Setelah dibuat terksesima oleh kerajinan tenun, para suporter lalu melanjutkan perjalanan untuk mengunjungi tempat pembuatan tempe dan tas organik berbahan eceng gondok. Di rumah sederhana itu, rombongan disambut oleh seorang nenek berparas ramah yang tengah sibuk membungkus tempe. Tempe yang berbentuk persegi panjang dan agak tipis kemudian dibungkus rapat dengan daun pisang. Ukuran tempe ini lebih kecil daripada tempe yang kebanyakan dijual di kota.
Para suporter dengan semangat membeli beberapa bungkus tempe untuk dibawa pulang kerumah, meskipun tempe tersebut baru dapat dikonsumsi keesokan harinya. “Kalau yang belum matang begini, enaknya dibikin mendoan”. ujar Wiwik salah seorang suporter sambil menunjukkan kresek kecil berisikan tempe.

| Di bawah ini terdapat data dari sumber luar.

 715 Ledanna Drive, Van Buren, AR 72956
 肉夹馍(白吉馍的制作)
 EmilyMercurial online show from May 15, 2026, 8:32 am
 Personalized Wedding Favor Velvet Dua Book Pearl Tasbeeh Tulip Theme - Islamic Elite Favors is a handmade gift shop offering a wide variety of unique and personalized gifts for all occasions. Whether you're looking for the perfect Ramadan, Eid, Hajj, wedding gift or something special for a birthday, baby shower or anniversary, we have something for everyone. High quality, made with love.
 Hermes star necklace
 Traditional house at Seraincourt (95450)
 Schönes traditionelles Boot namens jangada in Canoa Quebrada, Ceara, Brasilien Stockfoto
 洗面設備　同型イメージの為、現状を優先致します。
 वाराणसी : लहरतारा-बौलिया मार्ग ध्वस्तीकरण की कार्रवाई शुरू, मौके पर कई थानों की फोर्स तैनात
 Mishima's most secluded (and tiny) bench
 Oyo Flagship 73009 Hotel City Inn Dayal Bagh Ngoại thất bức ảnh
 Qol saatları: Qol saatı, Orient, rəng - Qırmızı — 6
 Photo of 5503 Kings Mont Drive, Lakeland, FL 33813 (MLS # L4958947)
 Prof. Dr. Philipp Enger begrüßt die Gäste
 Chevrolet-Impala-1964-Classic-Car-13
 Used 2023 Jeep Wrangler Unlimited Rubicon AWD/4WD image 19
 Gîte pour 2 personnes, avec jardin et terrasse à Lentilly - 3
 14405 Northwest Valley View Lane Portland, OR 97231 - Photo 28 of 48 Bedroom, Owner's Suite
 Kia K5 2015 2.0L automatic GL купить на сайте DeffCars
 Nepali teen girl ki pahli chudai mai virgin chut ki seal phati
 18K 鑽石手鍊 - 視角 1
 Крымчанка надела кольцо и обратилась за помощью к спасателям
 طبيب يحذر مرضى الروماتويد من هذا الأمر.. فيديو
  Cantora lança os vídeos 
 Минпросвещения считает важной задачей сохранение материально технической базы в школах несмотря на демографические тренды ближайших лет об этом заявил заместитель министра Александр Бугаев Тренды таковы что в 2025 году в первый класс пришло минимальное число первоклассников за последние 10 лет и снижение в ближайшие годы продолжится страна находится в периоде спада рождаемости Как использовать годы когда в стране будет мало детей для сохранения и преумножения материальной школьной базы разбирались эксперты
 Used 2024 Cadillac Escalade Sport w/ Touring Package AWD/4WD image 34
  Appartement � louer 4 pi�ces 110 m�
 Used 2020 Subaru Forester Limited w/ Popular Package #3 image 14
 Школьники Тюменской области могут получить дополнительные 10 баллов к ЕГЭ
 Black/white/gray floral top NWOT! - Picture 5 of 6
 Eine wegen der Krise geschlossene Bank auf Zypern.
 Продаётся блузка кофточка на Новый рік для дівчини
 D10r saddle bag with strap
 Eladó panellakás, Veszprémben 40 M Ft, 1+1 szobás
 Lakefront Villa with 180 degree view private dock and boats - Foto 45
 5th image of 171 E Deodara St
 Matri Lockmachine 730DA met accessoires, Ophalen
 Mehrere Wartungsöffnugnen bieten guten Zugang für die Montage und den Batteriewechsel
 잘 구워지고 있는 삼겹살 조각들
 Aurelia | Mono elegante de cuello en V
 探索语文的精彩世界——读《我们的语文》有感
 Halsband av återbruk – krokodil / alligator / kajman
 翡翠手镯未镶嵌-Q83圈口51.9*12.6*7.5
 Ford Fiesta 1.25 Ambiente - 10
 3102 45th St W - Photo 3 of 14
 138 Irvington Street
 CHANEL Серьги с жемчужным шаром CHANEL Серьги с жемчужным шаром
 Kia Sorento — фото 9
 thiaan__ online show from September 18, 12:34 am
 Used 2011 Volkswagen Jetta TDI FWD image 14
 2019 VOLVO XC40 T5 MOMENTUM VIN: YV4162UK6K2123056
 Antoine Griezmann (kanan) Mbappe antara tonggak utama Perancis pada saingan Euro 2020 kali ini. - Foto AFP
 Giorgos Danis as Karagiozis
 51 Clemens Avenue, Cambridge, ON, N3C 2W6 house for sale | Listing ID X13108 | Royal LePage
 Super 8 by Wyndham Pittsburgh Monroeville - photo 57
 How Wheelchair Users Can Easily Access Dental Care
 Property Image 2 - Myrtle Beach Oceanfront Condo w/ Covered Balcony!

Sayangnya, saat itu kami tidak dapat melihat proses pembuatan tas eceng gondok secara langsung karena nenek tersebut hari itu sedang membuat tempe. Namun, di kediamannya terdapat tumpukan tas yang masih setengah jadi. Hasil kerajinan tersebut nantinya akan dijual kepada agen yang berada di seberang jalan. Harga setiap tas pun bervariasi mulai dari Rp 50.000 – Rp 80.000 tergantung model dan ukuran tasnya.
Usai menjelajahi ketiga tempat yang letaknya cukup jauh tersebut, penjelajahan pagi itu harus berakhir tepat pukul 11 siang di kediaman Mas Towil. Pecel dengan lauk ayam dan tempe bacem menjadi menu khas yang nikmat siang itu.
Sebelum berpisah, Israr Ardiansyah berbagi informasi mengenai ruang lingkup WWF. Tidak hanya melestarikan satwa liar tapi juga keseluruhan ekosistem yang menopang kehidupan makhluk hidup di bumi. “WWF juga memiliki ruang kerja yang juga menyokong kearifan lokal seperti di Kayan Mentarang di mana masyarakat di sana memproduksi kerajinan tangan manik banuaka agar tidak merusak alam” ujarnya.
Harapannya, teman-teman suporter WWF dapat membantu menyebarkan informasi kepada publik bahwa WWF-Indonesia tidak hanya bekerja untuk pelestarian satwa liar melainkan pelestarian alam secara menyeluruh, termasuk masyarakat lokal yang tinggal di sekitar kawasan konservasi.